To determine how many elements there are in an array, you can do this:
let a = [true, false];
let b = [1, 2, 3, 4, 5];
print!("{}, {}.", a.len(), b.len());

It will print: 2, 5.

The a variable is an array of two Booleans, while the b variable is an array of five integer numbers.

The third statement invokes on the objects a and b the len function of the standard library, to get the number of the objects contained in the array. Both the syntax and semantics of these invocations are similar to those of the expression "abc".len(), used to get the length in bytes of a string.

Notice that in the examples, every array contains elements of the same type; only strings, only Booleans, or only integer numbers.

If you try to write
let x = ["This", 4];
or
let x = [4, 5.];

you get a mismatched types compilation error, indicating the array cannot contain objects of different types.

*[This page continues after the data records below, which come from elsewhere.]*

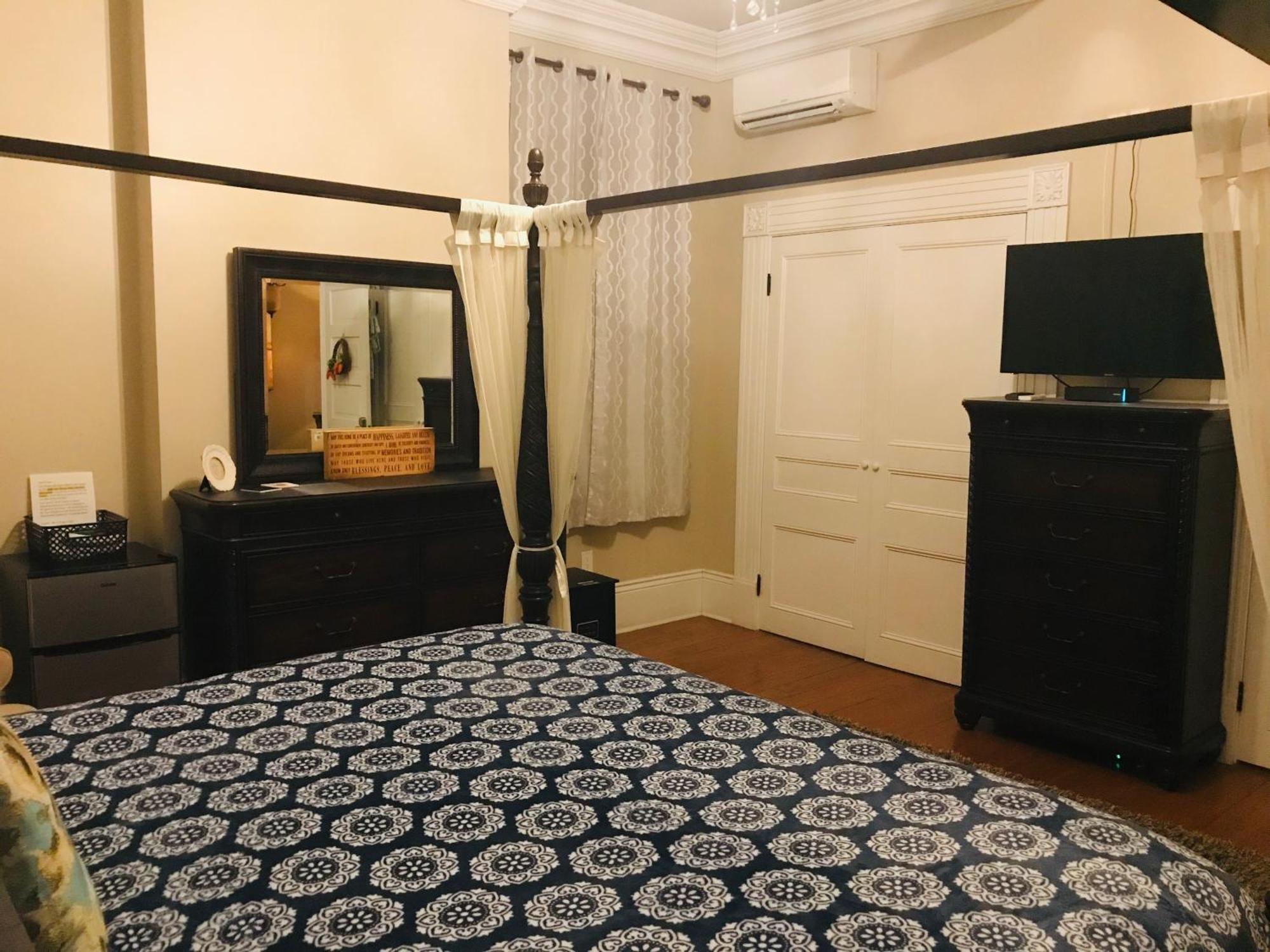 ホテル Wg Creole House 1850 ニューオーリンズ 部屋 写真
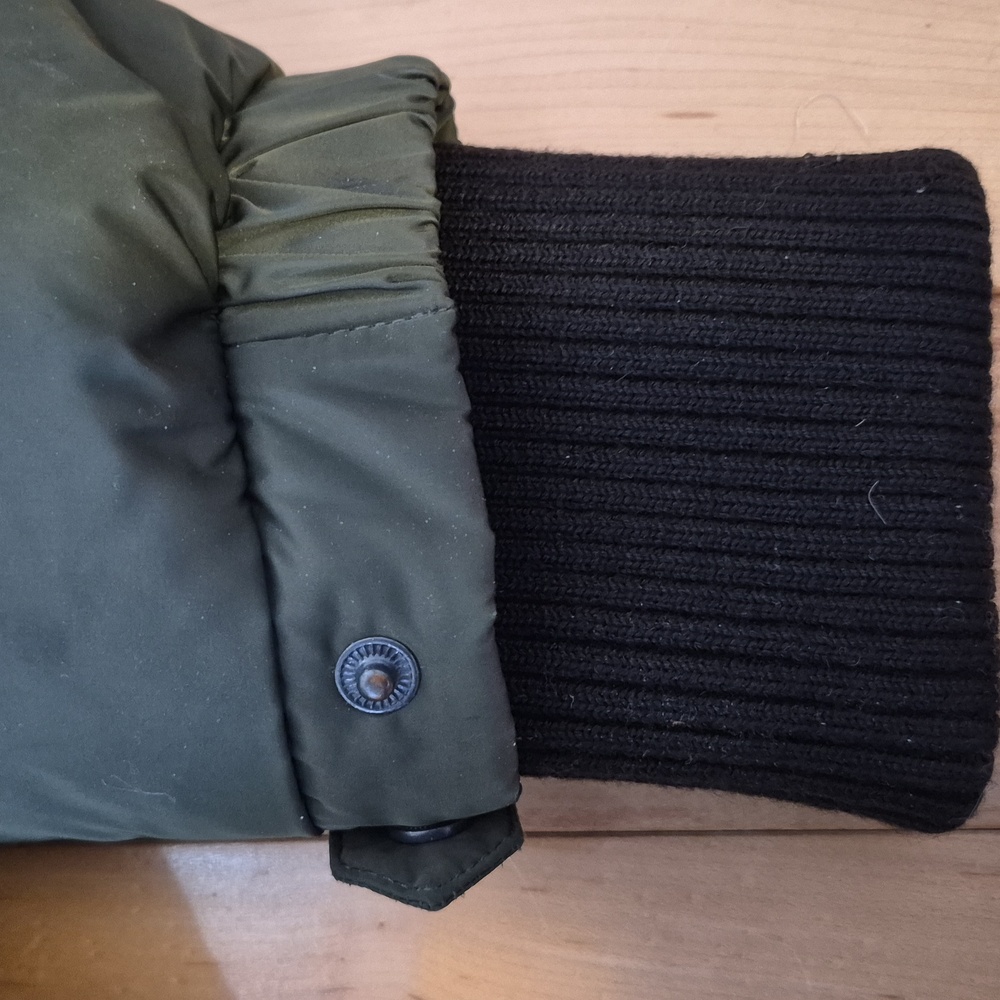 Soia & Kyo Women's Size Small Green Puffer Jacket with Black Cuffs - Picture 7 of 11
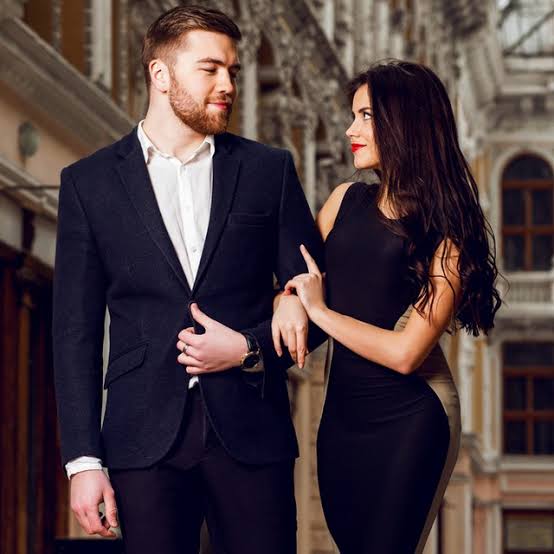 男性のスーツマジック、女性バージョンの服装は何だと思いますか？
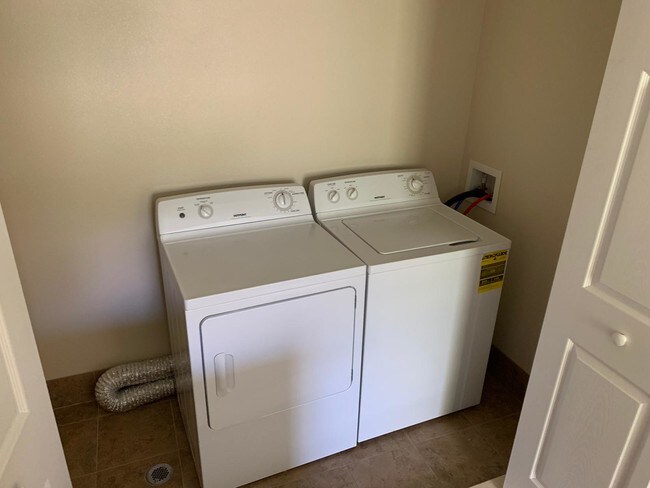 Building Photo - 1132 Hardy Ave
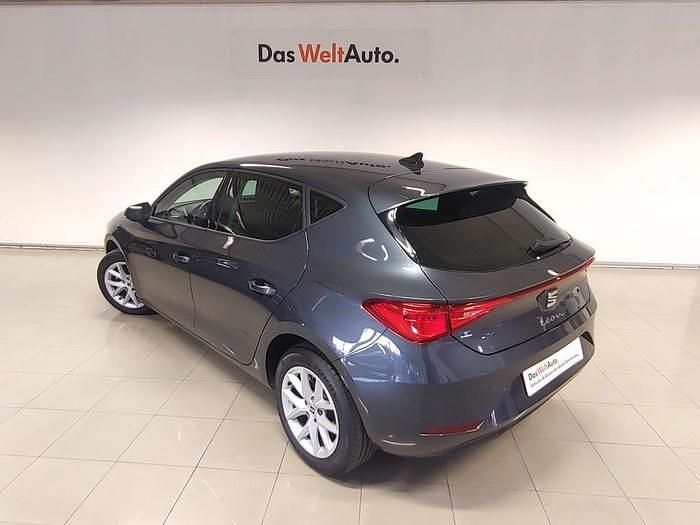 Gris Usado 2025 Seat Leon Style | 21.900 € - Imagen 1/4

It is possible to create arrays of any types of items, as long as in every array all the items are of the same type.

It is so, because there is not a single type array. The concept of array is that of a generic type, which is parameterized by its items type, and also by the number of its items. So, in the first example of the chapter, the variable x is of type “array of 5 strings”; instead, in the second example, a is of type “array of 2 Booleans,” and b is of type “array of 5 integer numbers.”

In the following program, every line but the first one will generate a compilation error:
let mut x = ["a"]; // array of strings
x[0] = 3;
x[-1] = "b";
x[0.] = "b";
x[false] = "b";
x["0"] = "b";

The second statement is wrong because it tries to assign an integer number to an item of an array of strings. So the compiler emits a mismatched types error message.

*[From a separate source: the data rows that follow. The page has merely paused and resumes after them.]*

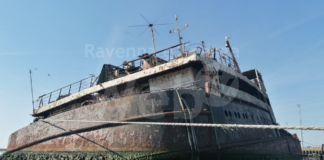 Italia Nostra sporge denuncia per il “cimitero delle navi”: presunta “discarica” dove si pescano abusivamente vongole per il mercato illegale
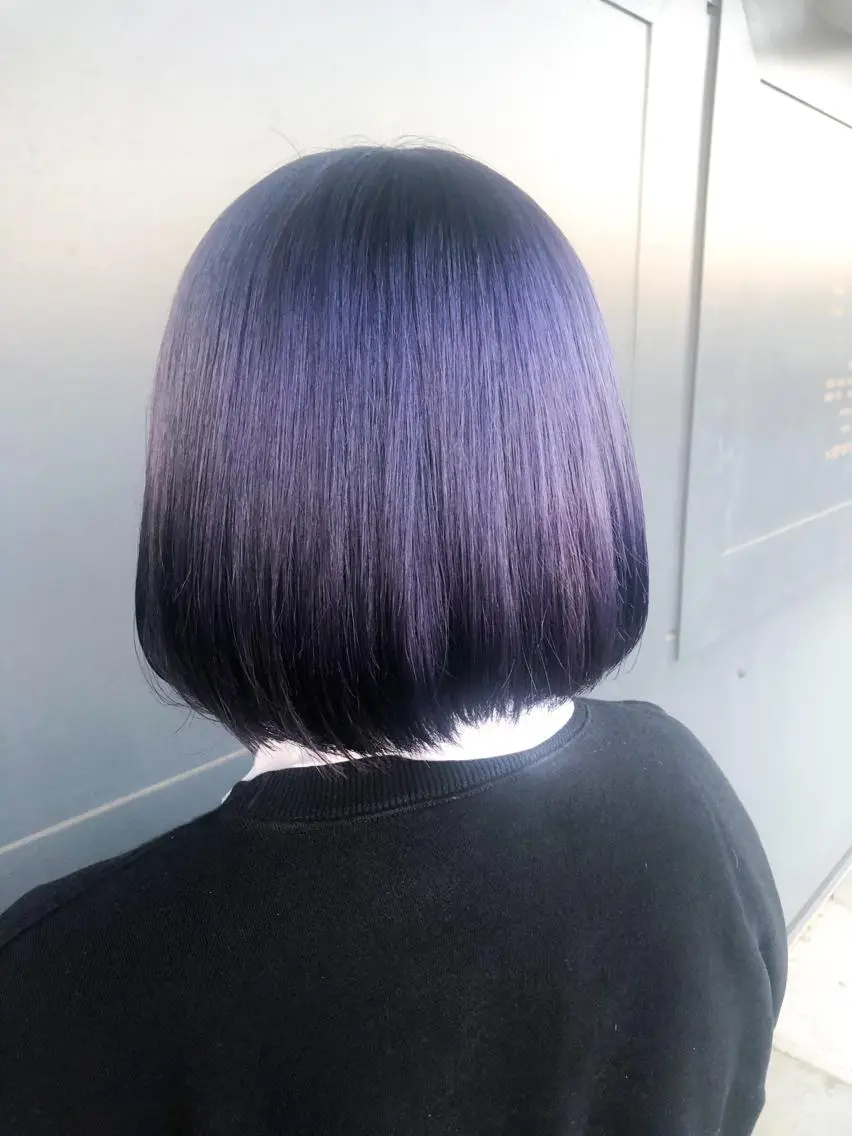 ショート カラー パープルカラー 長谷川 沙紀のヘアスタイル
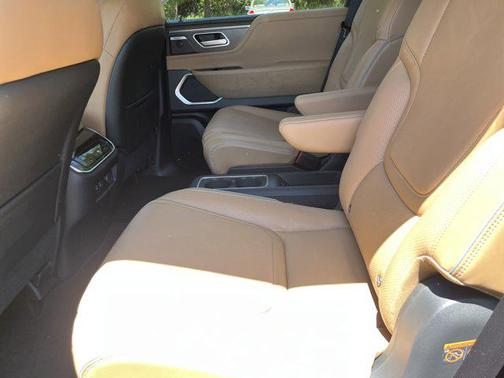 2025 INFINITI QX80 Luxe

The other statements are wrong because the compiler expects any index used to access an array to be a non-negative integer number, and the expressions used in such statements are not.

The following one is a different case:
let x = ["a"]; // array of strings
let _y = x[1];

It has a valid syntax, but nevertheless it is wrong, because the second statement tries to access the second element of an array having only one element.

The compiler error message is: this operation will panic at runtime . It means that this statement would generate a runtime error when executed. The compiler message also contains the explanation: index out of bounds: the length is 1 but the index is 1.

Rust Attributes

The Rust compiler is somewhat flexible about the strictness of analysis in the Rust language. For some possible error conditions, like not using a variable after its last assignment, the compiler allows the developer to specify three possible behavior of compilation:
  • Deny: The compiler emits an error message, and it does not generate the executable code.

  • Warn: The compiler emits a warning message, but it does generate the executable code.

  • Allow: The compiler does not emit any message, and it does generate the executable code.

To specify such behaviors, the developer must write into the code specific statements, named attributes.

Here is an example:
#[deny(unused_variables)]
let x = 1;
#[warn(unused_variables)]
let y = 2;
#[allow(unused_variables)]
let z = 3;
When compiling this code, the following error is emitted:
error: unused variable: `x`
Then the following warning is emitted:
warning: unused variable: `y`

And then no executable code is generated, because there is at least one error.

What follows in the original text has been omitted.